→ **Data section**:

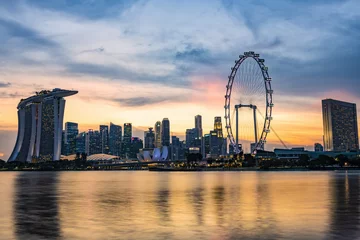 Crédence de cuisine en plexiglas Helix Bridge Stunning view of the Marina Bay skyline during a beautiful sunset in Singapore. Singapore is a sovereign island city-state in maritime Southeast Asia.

...

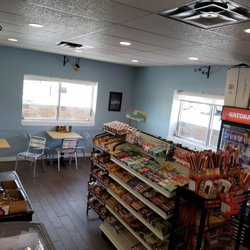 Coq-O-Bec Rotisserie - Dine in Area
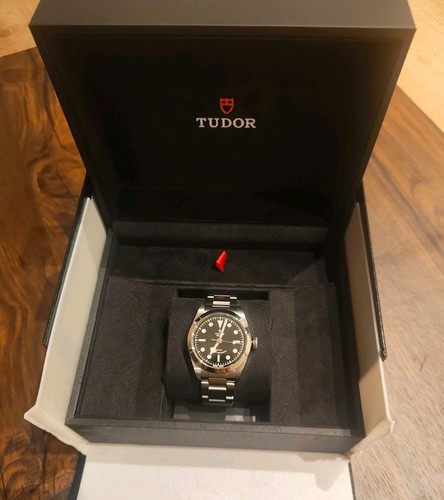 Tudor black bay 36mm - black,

→ **Task**: Among the records above, locate the line containing "Coq-O-Bec Rotisserie - Dine in Area" and the line containing "Tudor black bay", then transcribe exactly the lines starting at the first and ending at the second, with no pictures.

→ **Response**:
 Coq-O-Bec Rotisserie - Dine in Area
 Tudor black bay 36mm - black,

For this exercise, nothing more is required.